Boubacar Boris Diop, dont le sujet du dernier roman se porte sur le génocide rwandais, est particulièrement exaspéré par les efforts de minimiser l'importance du genocide rwandais. [6]

“L´implication de la France dans le génocide des Tutsi du Rwanda est si avérée que l´on sent parfois chez certaines autorités de l´Hexagone comme une tentation de passer aux aveux”

“Pour se tirer d´affaire, on essaie d´accréditer l´idée que le Rwanda n´était, tout bien considéré, qu´un génocide africain de plus et qu´on aurait tort d´en faire une grosse histoire.”

Les deux hommes reconnaissent qu'absolution et regrets publics ne sont pas dans l'agenda de Sarkozy.

Boubacar Boris Diop:

” On n’attendait certes pas de Nicolas Sarkozy qu’il regrette publiquement l´implication de son pays – qui ne fait plus l’ombre d’un doute – dans le génocide des Tutsi du Rwanda”

mais d'après Achille Mbembe :

“Nicolas Sarkozy a en outre cru devoir inviter son auditoire à distinguer entre les “bons” et les “mauvais” colonisateurs. Admettrait-il qu´un Allemand applique la même grille de lecture à l´histoire de son pays?”

Parmi les commentateurs, R.G. demande:

“L’Allemand Willy Brandt s’est agenouillé à Varsovie, au nom du peuple allemand, en repentance pour les crimes nazis. Quel premier ministre de Grande-Bretagne ira s’agenouiller un jour à Lagos, Freetown, New Delhi, etc., au nom du peuple anglais, en repentance pour les crimes de la colonisation ?”

Le verdict de Boubacar Boris Diop est sévère, mais il remercie aussi Nicolas Sarkozy:

“Il ne tardera pas à s´en rendre compte : les Africains et les Nègres de la diaspora ne le lui pardonneront jamais. La bonne vieille langue de bois aurait mieux servi les intérêts de son pays. Elle lui aurait en outre évité ces effets oratoires si empruntés qu´ils en étaient parfois un peu pathétiques. A l´arrivée on a presque envie de remercier Nicolas Sarkozy d´être venu nous apporter, bien malgré lui, la bonne nouvelle : en Françafrique, depuis le 16 mai 2007, le Roi est nul.”

Achille Mbembe remet fermement le sort de l'Afrique entre les mains des Africains et déboute la France.
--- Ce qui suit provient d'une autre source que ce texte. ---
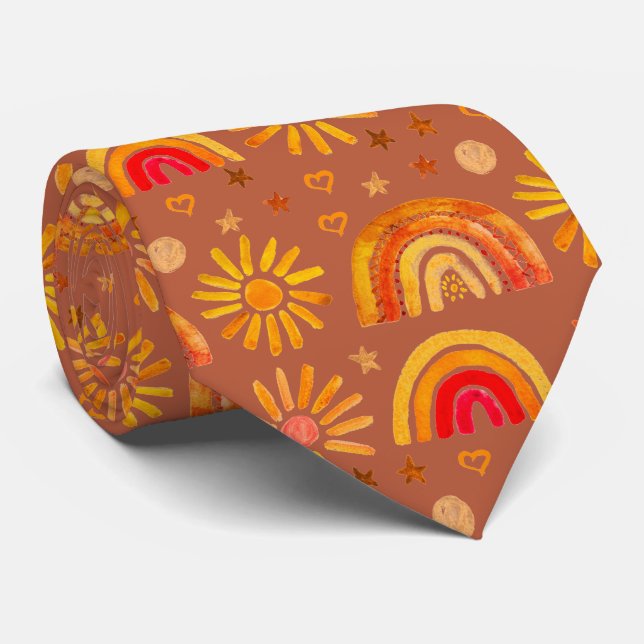 Rainbow Boho Terracotta Autumn Sun Heart Tie (Rolled)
“Aujourd’hui, y compris parmi les Africains francophones dont la servilité à l’égard de la France est particulièrement accusée et qui sont séduits par les sirènes du nativisme et de la condition victimaire, beaucoup d’esprits savent pertinemment que le sort du continent, ou encore son avenir, ne dépend pas de la France. Après un demi-siècle de décolonisation formelle, les jeunes générations ont appris que de la France, tout comme des autres puissances mondiales, il ne faut pas attendre grand-chose. Les Africains se sauveront eux-mêmes ou ils périront.”

“Pour l’heure, et s’agissant de l’Afrique, il manque tout simplement à la France le crédit moral qui lui permettrait de parler avec certitude et autorité.”